Ahora me pregunto si nací con aquella excitación emotiva hacia la religión o la adquirí en un momento de mi vida. No sabría responder. Sí tengo claro que pronto dejé de jugar a los altares y me olvidé por completo del hecho religioso.
Hasta aquél viernes 27 de octubre de 1950. A Tánger había llegado un misionero evangélico cubano, Rubén Lores. Tenía 28 años y estaba casado con una mujer norteamericana llamada Danna. Lores tenía la intención de establecerse en España, pero las autoridades de la época no lo permitieron y recaló en Tánger, donde otro matrimonio misionero, Pedro y Sara Harayda, de Estados Unidos, llevaba diez años en Marruecos sin lograr un solo convertido. Como personas, Pedro y Sara eran de una calidad humana que rebasaba los límites de la excelencia, pero como misioneros no funcionaban.
Poco después de su llegada a Tánger Lores pidió prestado el local de la Iglesia evangélica francesa, donde inició la congregación que más tarde se trasladó al amplio templo de la Iglesia Anglicana, en la calle Inglaterra, casi esquina con el Zoco Grande.
A aquel local de culto protestante, situado en la calle Viñas, entré yo el día, mes y año ya mencionados. Todo me impresionó. La gente cantando, otros orando, la elocuente predicación de Rubén Lores sobre el capítulo 13 en la primera epístola a los Corintios.
Entonces yo vivía al margen de la religión. No practicaba creencia alguna. La religión no contaba para nada en aquél joven de 21 años inmerso en la bullanguera vida de la ciudad internacional.
Pero un “yo” dividido hasta aquél momento se tornó unificado y conscientemente feliz como consecuencia de sostenerse en realidades religiosas. Fue una alteración total en mi vida, que pasó de unos objetivos a otros. La oscilación emocional en mi interior cambió tan rápidamente como las chispas que recorren el papel ardiendo.

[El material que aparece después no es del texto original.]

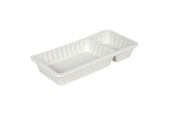 Frietbakje 20x9,5x3,2cm wit porselein
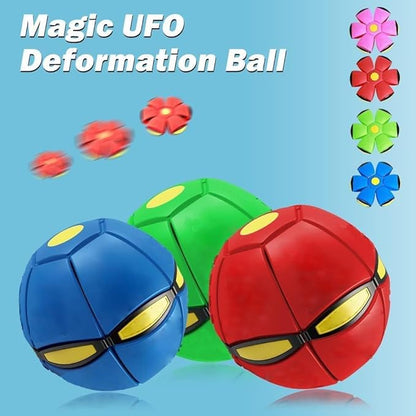 Doggy Disc Ball for Medium Large Dogs, Portable Interactive Flying Saucer Ball Stomp UFO Magic Balls, Decompression Pop Up Dog Toys Balls for Outdoor Sports Gifts (Blue-Green)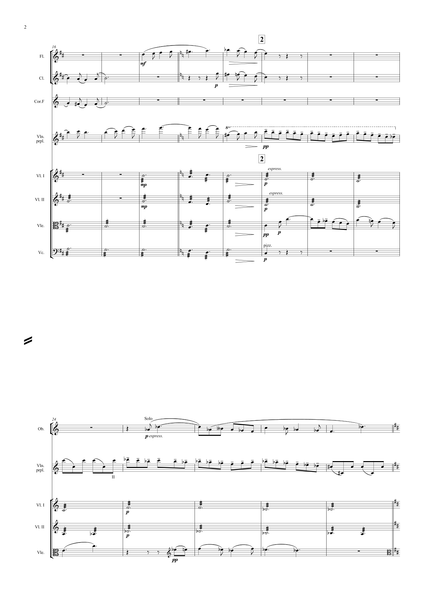 Prokofiev, Sergei: Violin Concerto No. 1 in D major, Op. 19 (arr. for String Quintet & Wind Quintet) (AEGC16)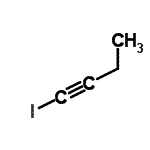 结构式 CAS# 66794-29-4, 1-碘-1-丁炔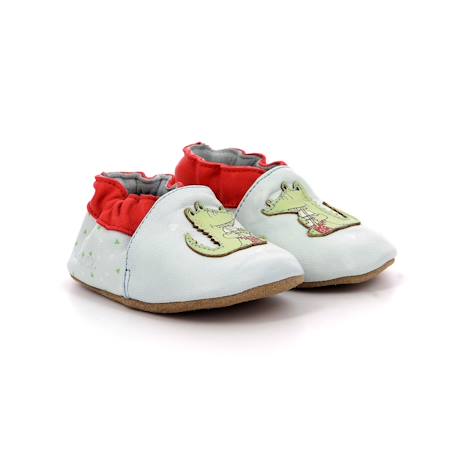 Chaussons bébé relax croco Bleu ciel 1 - vertbaudet enfant 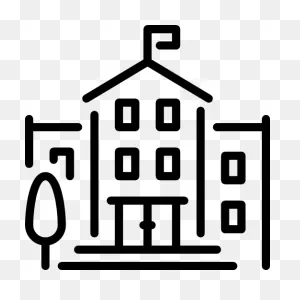 Building College Education Learning Office School University Icon -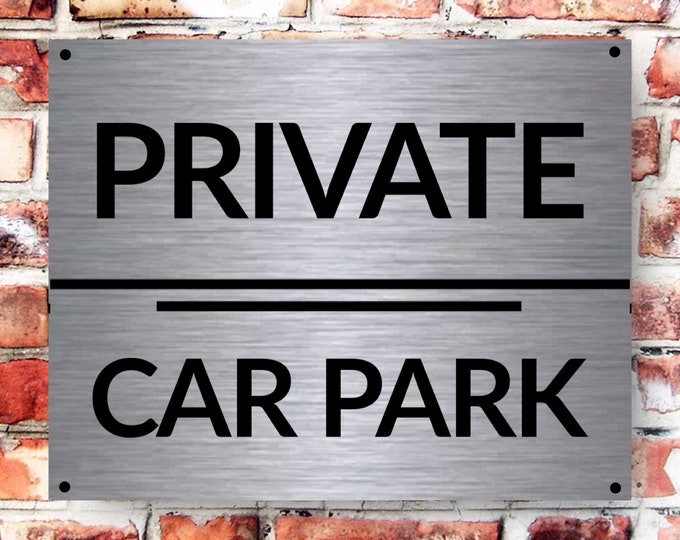 Private car park sign wall sign plaque weather proof pre drilled parking sign driveway gate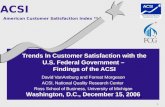 Trends In Customer Satisfaction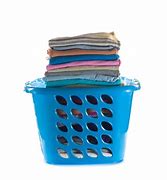 Image result for Folded Clothes in Basket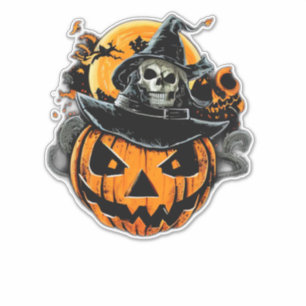 Halloween/Pumpkin/Skull/Oktober Aufkleber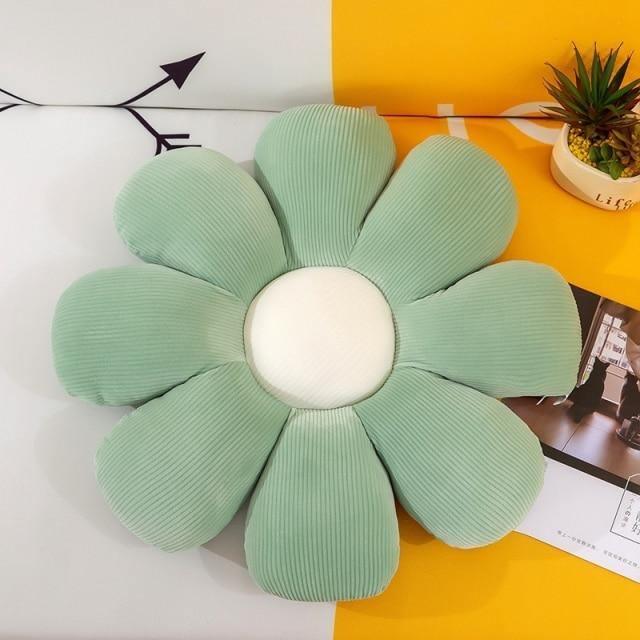 BloomCushion – Blomformad Kastkudde med Charmig Design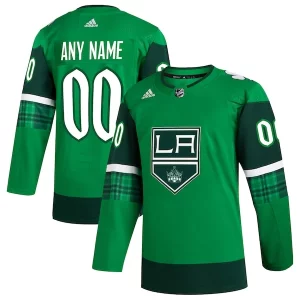 Gorgeous Los Angeles Kings adidas St. Patrick's Day Authentic Custom Jersey   Kelly Green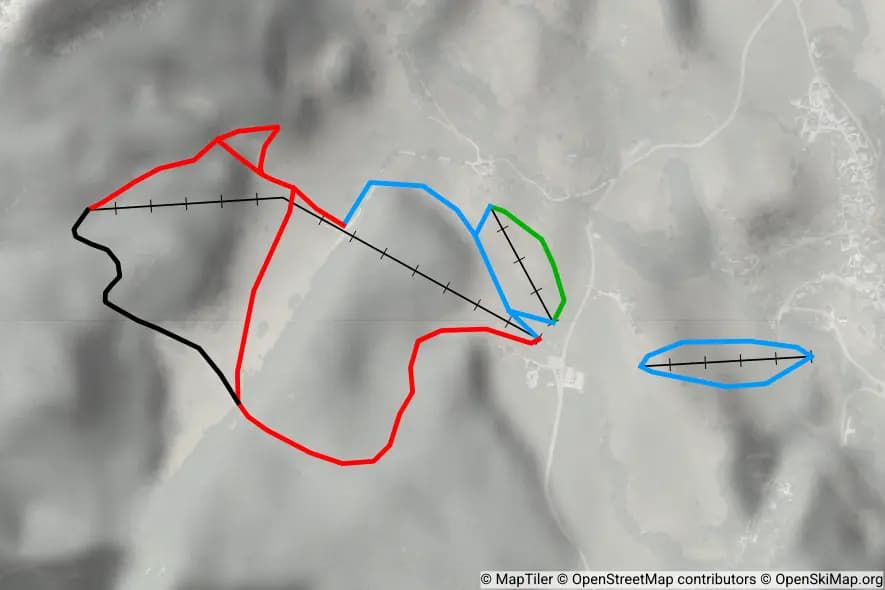 Les Entremonts skimap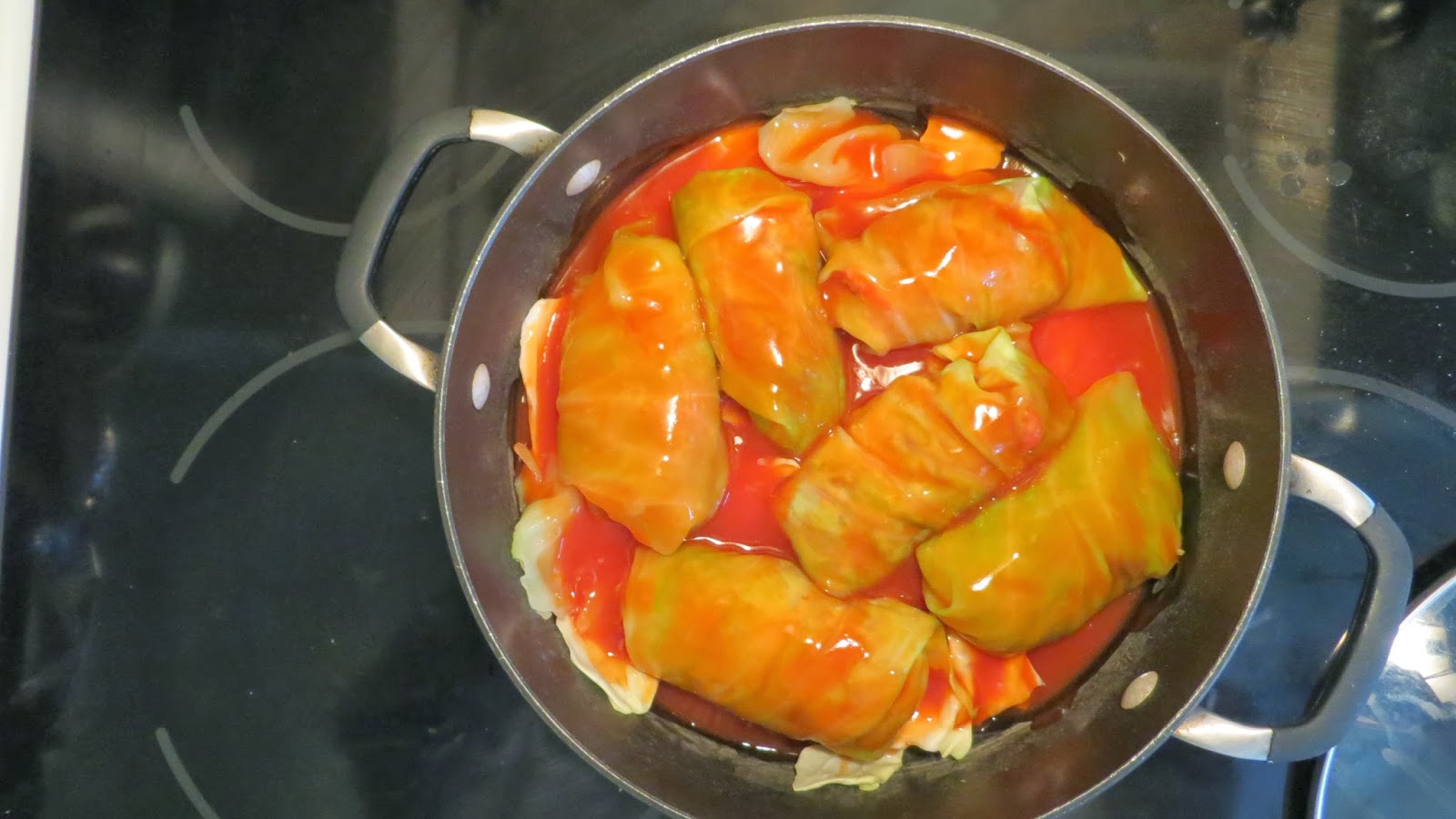 Small Town Giggles Pigs in the Blanket (cabbage rolls) Simple comfort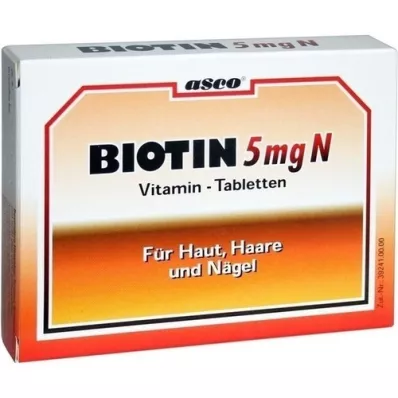 BIOTIN 5 mg N tablet, 150 adet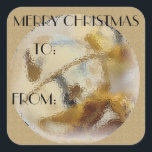 Étiquette cadeau Christmas Bells<br><div class="desc">A et de étiquettes cadeaux,  juste peler et coller pour rendre votre emballage de vacances plus facile! ! Vous pouvez également customiser d'ajouter des noms à des autocollants avant de commander! ! photographie art par kaps images</div>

Respondiendo a una invitación del predicador acepté a Cristo como Señor de mi vida y pocos días después fui bautizado por inmersión. Puesto que el local de culto no tenía bautisterio, Rubén Lores obtuvo los servicios de una piscina instalada en el elegante Club Brook, frente al Consulado de España. Era la una de la tarde. A un lado de la piscina donde tuvo lugar la ceremonia bautismal tomaban el aperitivo funcionarios del Consulado y otros católicos de la alta sociedad española, quienes fueron testigos involuntarios del acto. Supe que luego presentaron una queja al director del Club, de religión hebrea, por haber permitido a los protestantes el uso de la piscina a la hora del aperitivo.
Fue, creo ahora, el primero de los muchos anatemas lanzados contra mí por la Iglesia católica y de los que iré dando cuenta desde estas páginas.